通过函数对每行data.table的值进行过滤 [英] filter rows by a function over values of each row, data.table
问题描述
从data.frame语法切换到data.table语法对我来说仍然不顺利。我认为以下事情应该是微不足道的,但不是。我在这里做错了什么:
Switch from data.frame syntax to data.table syntax is still not smooth for me. I thought the following thing should be trivial, but no.

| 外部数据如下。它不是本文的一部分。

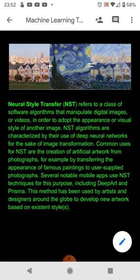An article going into the details of this study will be in the comments below. Make sure you're following to learn more about NSTs and other great machine learning techniques.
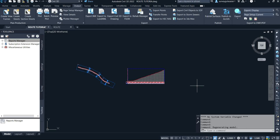Today I'm going to be sharing with you how to extract alignment data from AutoCAD Civil 3D to Excel. On my screen here I have an alignment and profile from my last video on road survey.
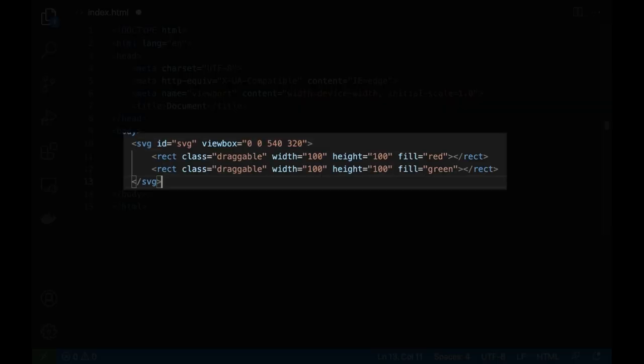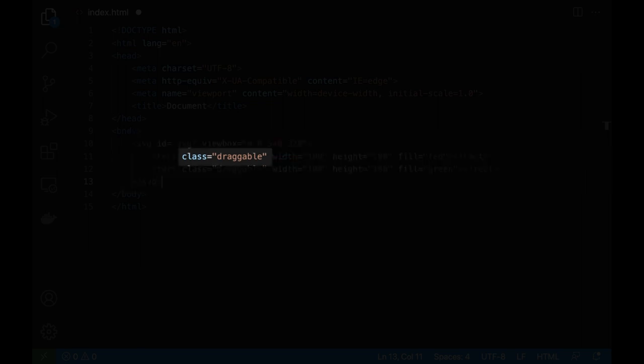Let's add an SVG with two rectangles. Let's add the CSS class to check if the element is draggable.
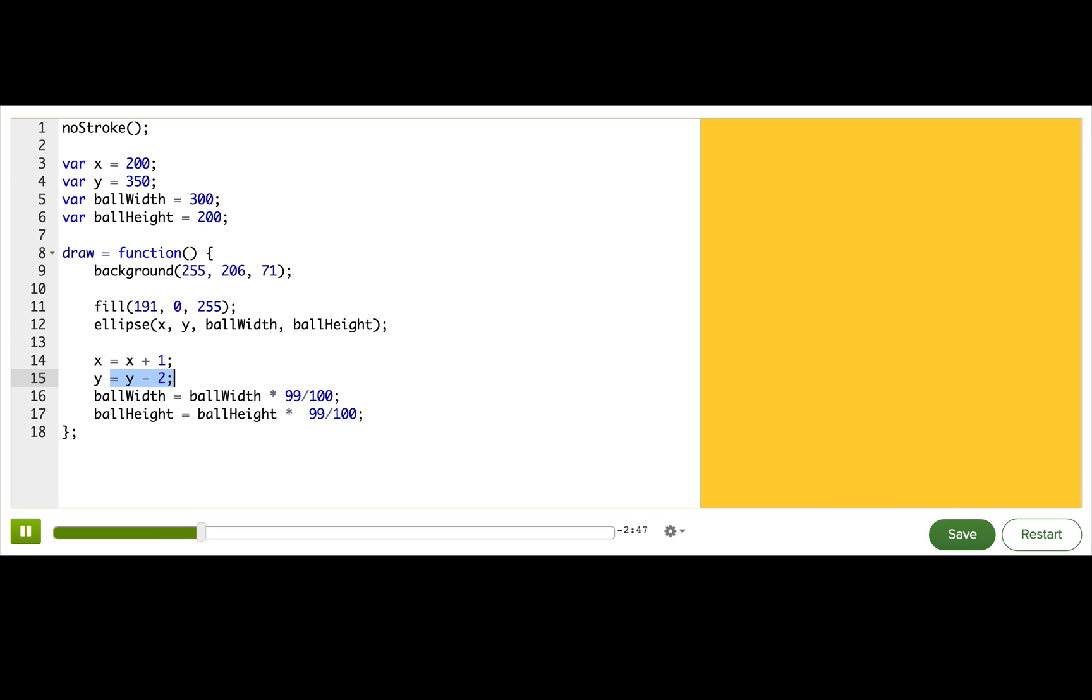On this line, we subtract two from y, which means that our ball moves two pixels up in every frame. See that?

What I am doing wrong here:
> DT = data.table(x=rep(c("a","b","c"),each=3), y=c(1,3,6), v=1:9)
> DT
x y v
1: a 1 1
2: a 3 2
3: a 6 3
4: b 1 4
5: b 3 5
6: b 6 6
7: c 1 7
8: c 3 8
9: c 6 9
我想要这样的东西:
cols = c("y", "v") # a vector of column names or indexes
DT[rowSums(cols) > 5] # Take only rows where
# values at colums y and v satisfy a condition. 'rowSums' here is just an
# example it can be any function that return TRUE or FALSE when applied
# to values of the row.
这项工作,但是如果我想提供动态列名怎么办?并且我的表有很多列?
This work, but what if I want to provide dynamic column names? and my tables have many columns?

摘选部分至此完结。